Des droits d'autant moins «rentables» que la diffusion via les nouvelles technologies rapporte encore très peu. A peine 3,7 % du total des recettes, en incluant la téléphonie et malgré une nouvelle progression du téléchargement payant de 150 % l'an dernier. «Jusqu'à l'arrivée d'Internet, l'apparition de nouveaux supports musicaux comme les radios libres ou les chaînes thématiques était bénéfique aux ayants droit, analyse Bernard Miyet. Or pour l'instant nous sommes incapables de valoriser ces nouveaux modes de diffusion alors même que certains, comme les industriels de la high-tech ou les fournisseurs d'accès au Net, en tirent d'importants profits.»

Manière forte

A l'ère d'un réseau planétaire qui se joue des droits et des frontières, la Sacem expérimente. Elle imagine de nouvelles taxes sur les géants de la musique que sont devenus les fournisseurs de technologies, et ne cesse d'adapter son barème à ces nouveaux venus du Net, espérant que la floraison de services en tout genre finira par accoucher de droits conséquents. Qu'ils soient gratuits ou payants, peu importe : l'essentiel reste de percevoir le maximum de droits sur tous les supports. Les plateformes légales du type iTunes versent déjà 8 %, soit 7 centimes d'euro, par fichier vendu à 99 centimes, ce qui représente 1,8 million d'euros perçus en 2006. Une première étape en attendant les contrats avec la nouvelle génération de sites web 2.0 (MySpace, YouTube, Dailymotion, Last.fm, etc.) qui mettent en avant le partage de contenus et l'interactivité.

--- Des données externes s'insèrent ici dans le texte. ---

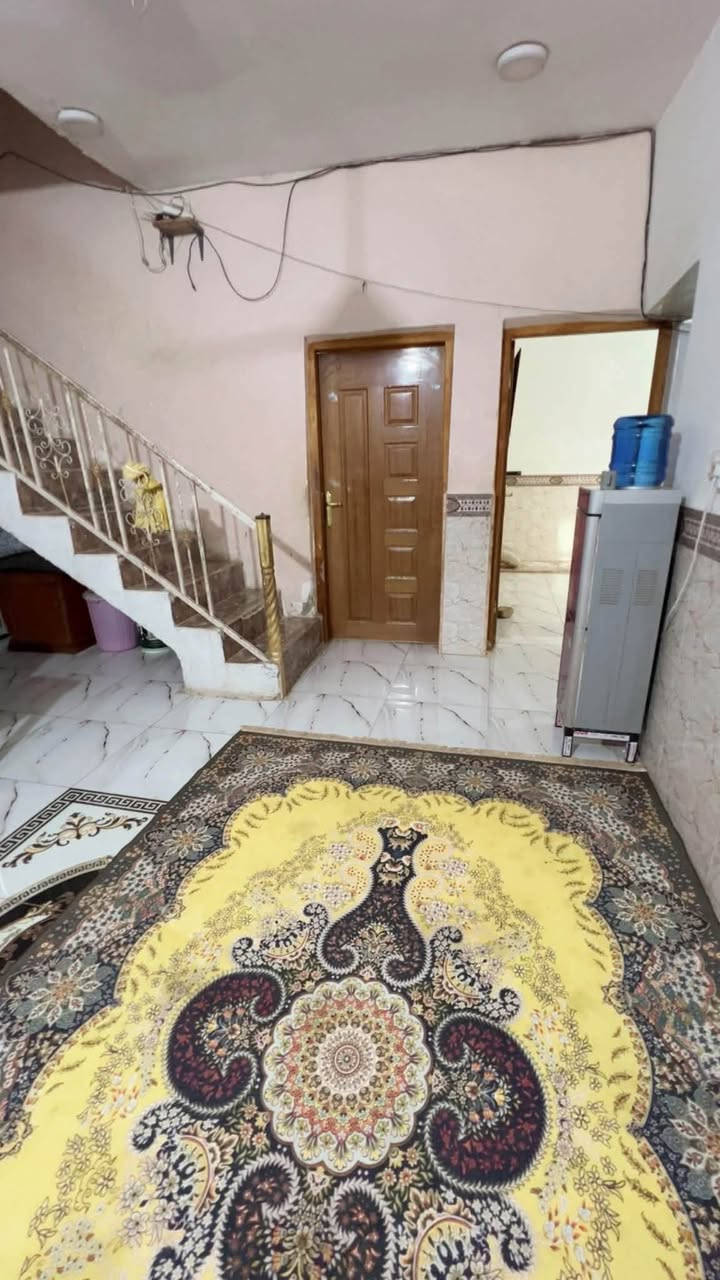 الدار للبيع المساحه  200 متر العزه الجديده يحتوي على 4 غرف نوم وحده ارضيه و3 فوك+ أستقبال+ حديقه +طرمه +هول + مطبخ صحيات خارجيه وداخليه يبعد عن شارع العام 200 متر عرض الشارع 12 متر قرب مجلس البلدي الجديد مقابيل الجسر الوردي الاستفسار ع رقم او خاص ***********
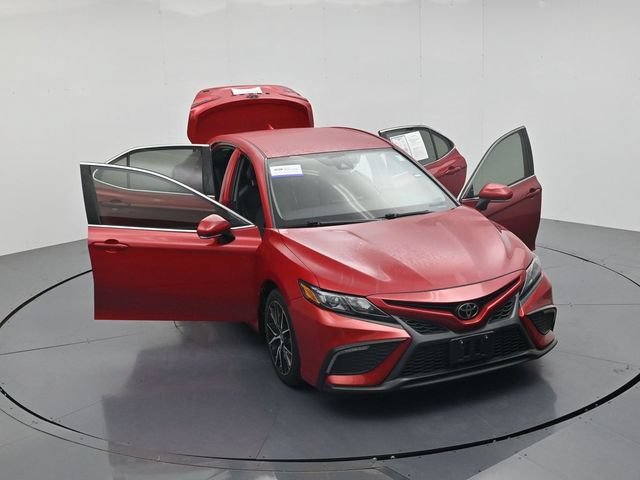 Used 2024 Toyota Camry SE w/ Convenience Package FWD image 48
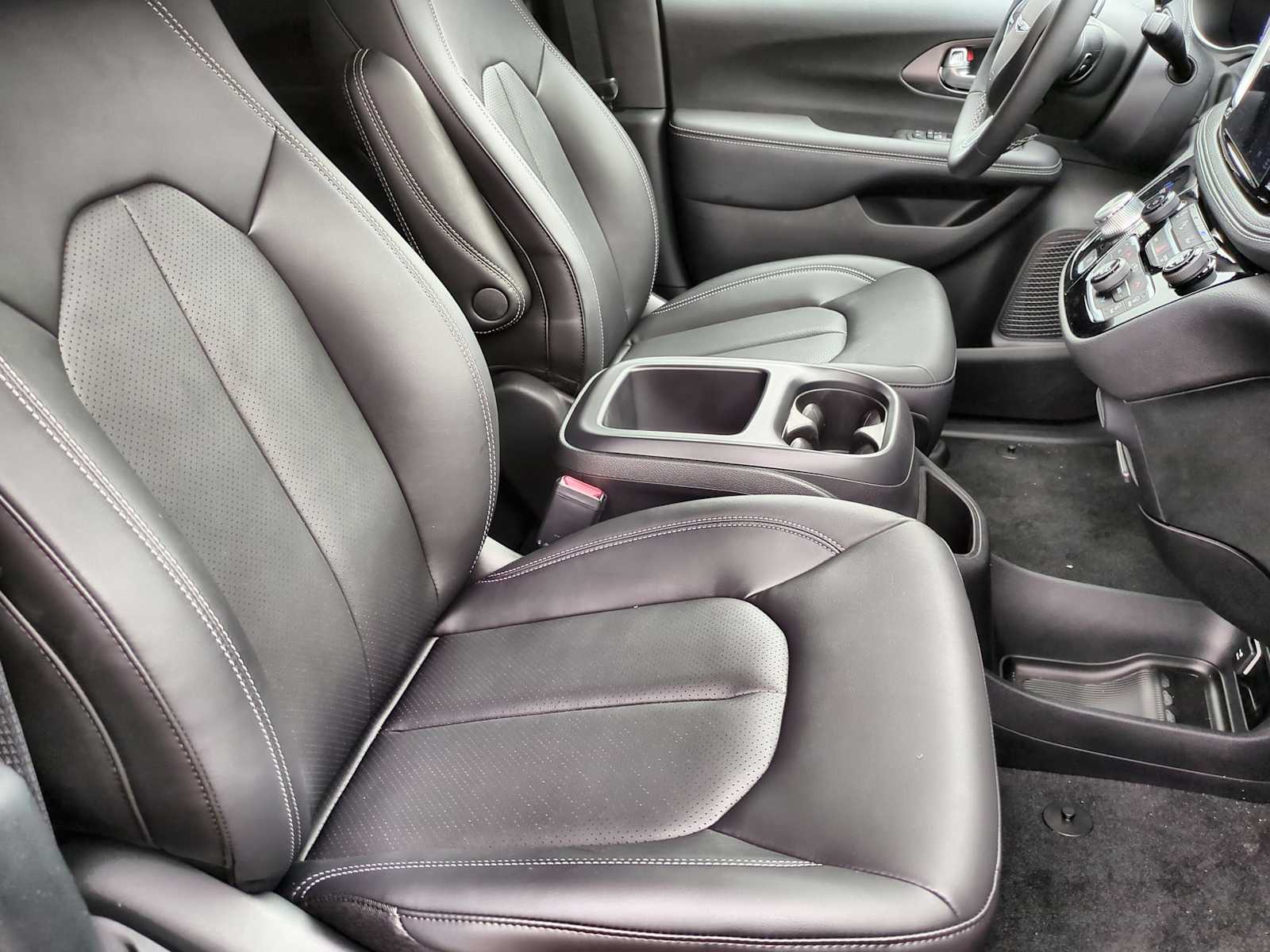 Thumbnail: 2026 Chrysler Pacifica - 21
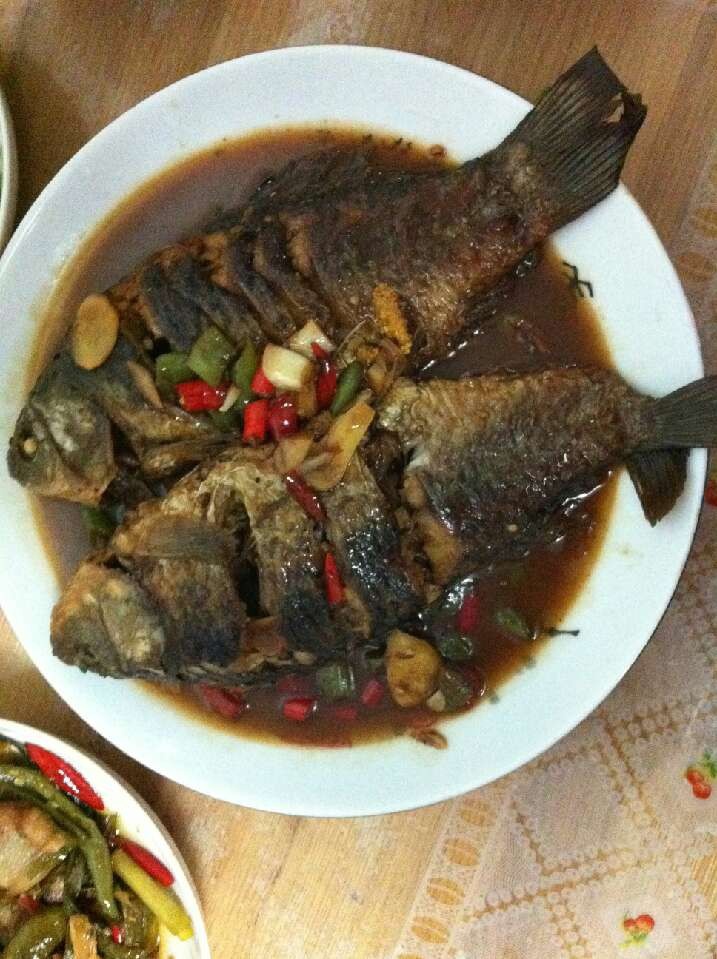 红烧鲫鱼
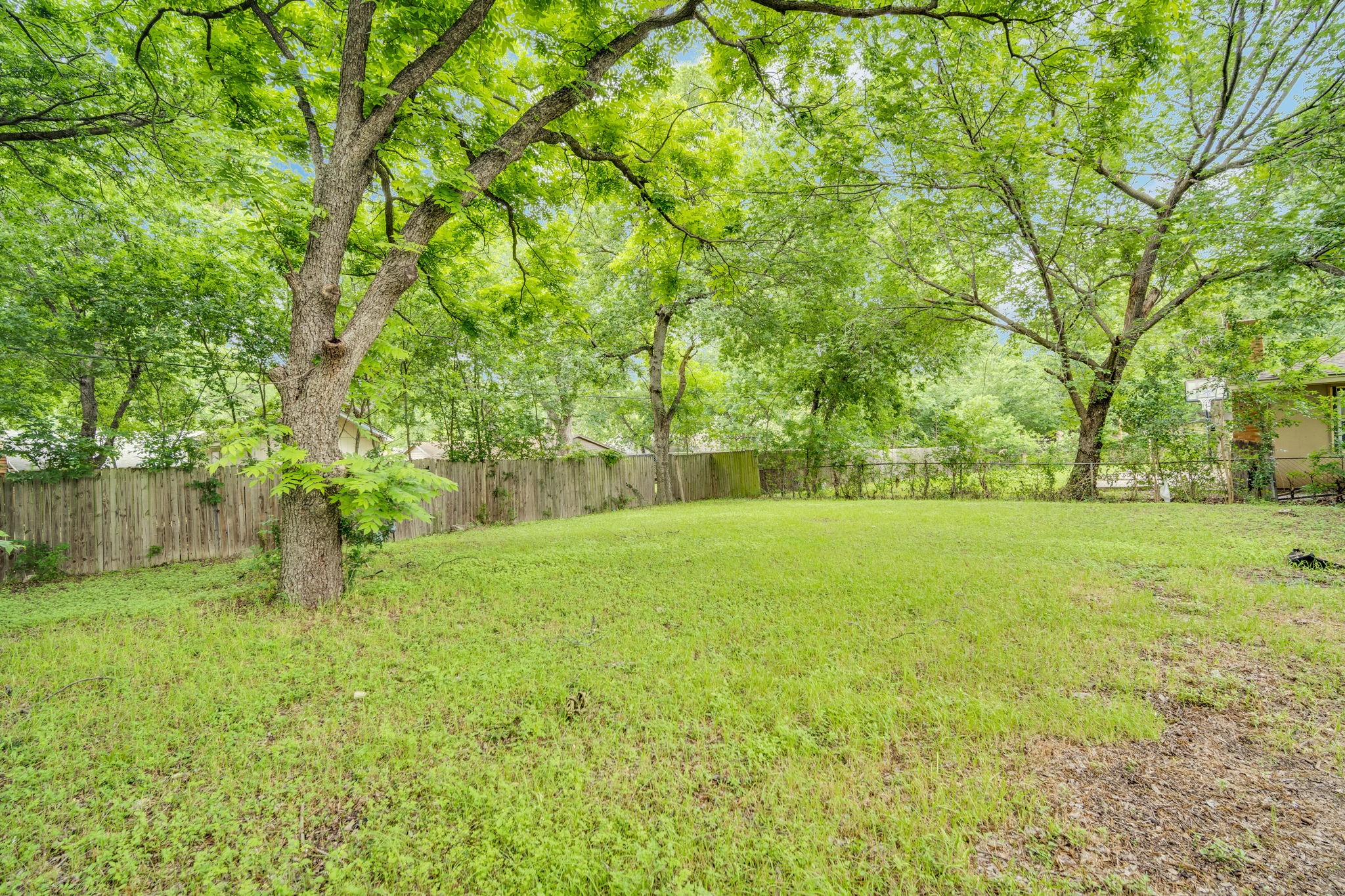 419 Highcrest Drive Dallas TX 75232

«Nous négocions, mais l'équation est difficile, estime David El Sayegh, en charge du dossier à la Sacem. Il faut à la fois parvenir à une redevance minimale acceptable pour nos auteurs et non prohibitive au regard de l'économie encore parfois fragile de ces sites.» Autrement dit, prélever des droits sur des recettes publicitaires balbutiantes, autour de 8 %, sans imposer des conditions trop drastiques aux sites. La recherche de modèles économiques n'exclut pas de recourir à la manière forte : en mars, la Sacem fit temporairement fermer le service de musique à la demande Radioblogclub pour «exploitation illicite des oeuvres et enregistrements musicaux».